# About this task:
Output the records exactly, and drop each picture.

Web page caption snippets
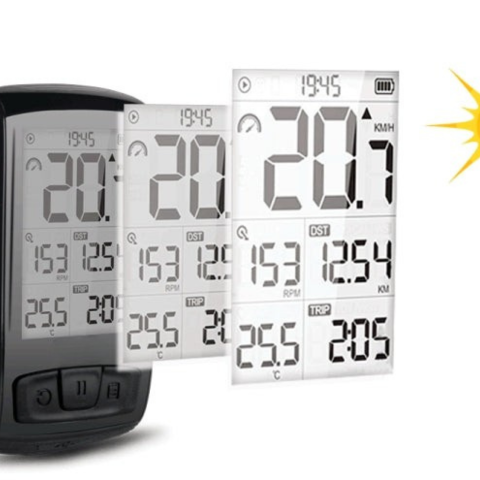 Ciclocomputer Multi-Funcțional – Instalare Ușoară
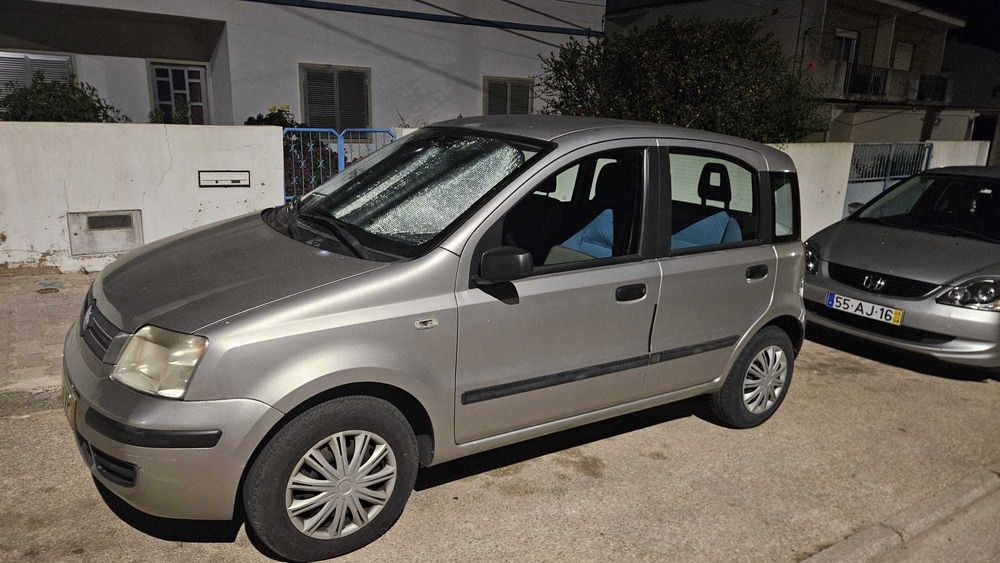 vende se Fiat panda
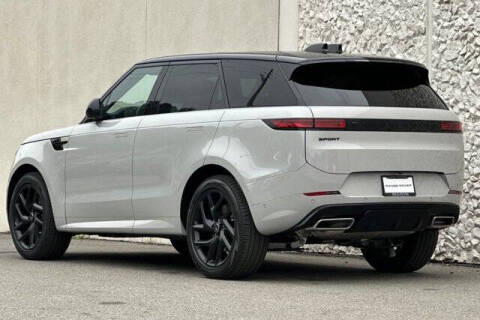 2025 Land Rover Range Rover Sport P400 Dynamic SE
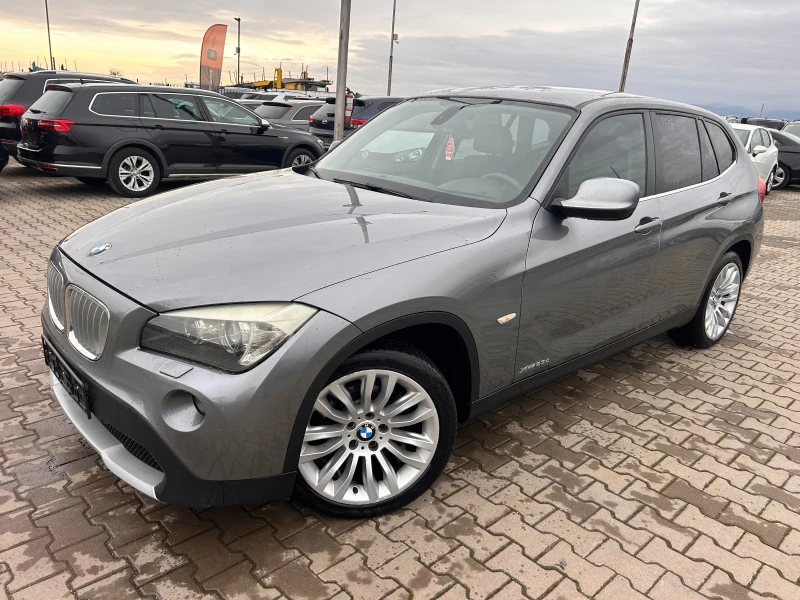 BMW X1 2.3D xDrive AVTOMAT EURO 5 - 13300 лв. / 6800.18 € - 35334005 1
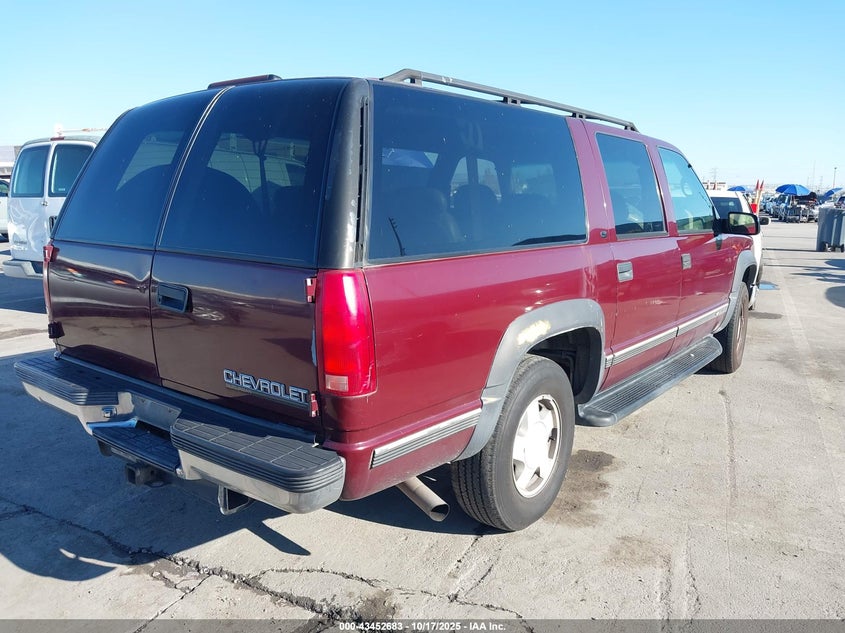 3GNFK16R3XG183276 1999 CHEVROLET EXPRESS photo no. 4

# Answer for this exercise:
 Ciclocomputer Multi-Funcțional – Instalare Ușoară
 vende se Fiat panda
 2025 Land Rover Range Rover Sport P400 Dynamic SE
 BMW X1 2.3D xDrive AVTOMAT EURO 5 - 13300 лв. / 6800.18 € - 35334005 1
 3GNFK16R3XG183276 1999 CHEVROLET EXPRESS photo no. 4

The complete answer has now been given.